When toponyms (names of villages, towns or cities) are used in our dataset, they commonly denote the birthplace or the place of death. Location names are occasionally (4%) used in connection with the deceased’s line of work. Note that, on tombstones of different cultures, toponyms can also be used to indicate the origin of settlers or social identity, as displayed on Taiwanese tombstones (Streiter et al., 2010b; Streiter et al., 2008). Besides the name of a village or town, further information is sometimes given for non-local places or ambiguous place names, such as the region, province or country. Many tombstone descriptions contain location names. In our dataset, we find an average of one mentioned location per tombstone, but if a location name is found on a stone, it is usually more than one (in 70% of the cases).

Interpreting toponyms raises the challenge of grounding; in other words, of mapping to a location in the real world (Leidner, 2008; Kew et al., 2019). Names are sometimes abbreviated, or are written following a non-standard or old-fashioned spelling, and this can make them hard to interpret (Table 3). An additional problem is that many names for locations are ambiguous with respect to their reference in the real world. Villages that go by the same name are widespread in the Netherlands (some examples from our dataset are Den Oever, Erica, Hoorn, Langelo, Nes, Niekerk, Noordwolde, Oostwold, Spijk, Siegerswoude, Westerlee, Winsum, Zevenhuizen and Zuidwolde) or can be used in other countries (Kampen, Oostburg, Roden, Zutphen). Another type of referential ambiguity is caused by cities, municipalities or provinces that share the same name (Groningen, Grootegast, Vries).

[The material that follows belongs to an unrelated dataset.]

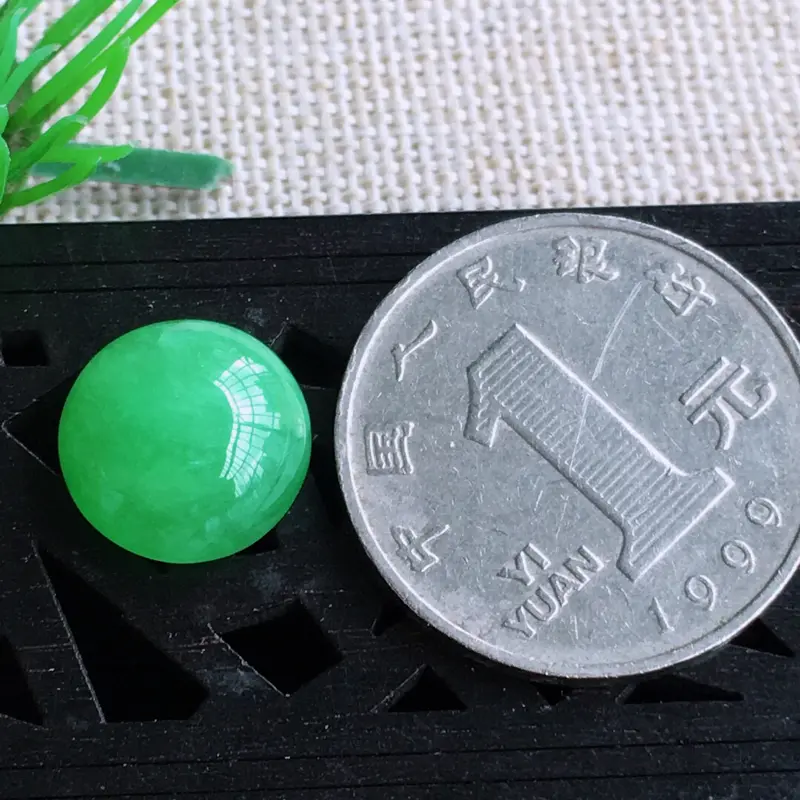 天然缅甸老坑翡翠A货绿色蛋面裸石，可镶嵌戒指，吊坠，锁骨链，种水足，玉质温润，尺寸12.5/6mm，重量1.49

Table 3 Examples of normalisation of toponyms with their GeoNames identifiers

Our approach for toponym interpretation is similar to that of Leidner (2008), who grounds toponyms with an extensional semantics in the form of a pair of latitude and longitude of the centroid of the location. However, instead of using geographical coordinates, we consult the geographical database GeoNames (Maltese and Farazi, 2013) for a unique identifier for a given place name. GeoNames is a widely-used multilingual gazetteer in the semantic web (Ahlers, 2013) that makes it possible to link places to geographical coordinates and further topographical data. It also contains historical names, which is convenient as some villages found on old tombstones no longer exist or have been incorporated into larger urban districts.Footnote 2 Example mappings from toponyms to GeoNames identifiers are shown in Table 3.

As with names of persons, location names are orthographically represented by upper-cased strings. Names of locations may differ across languages, and it would be counter-intuitive to translate names in a particular language for the sole purpose of normalisation. Instead, we preserve the original name and annotate the language using the three-letter codes proposed in the ISO 639-2 standard. A full example in SPL for a toponym (the Dutch-Frisian city of Leeuwarden) is the following:


(c1 / city.n.01 :nam (n1 / name.n.01 :lit "LJOUWERT" :lan "FRY") :geo "2751792")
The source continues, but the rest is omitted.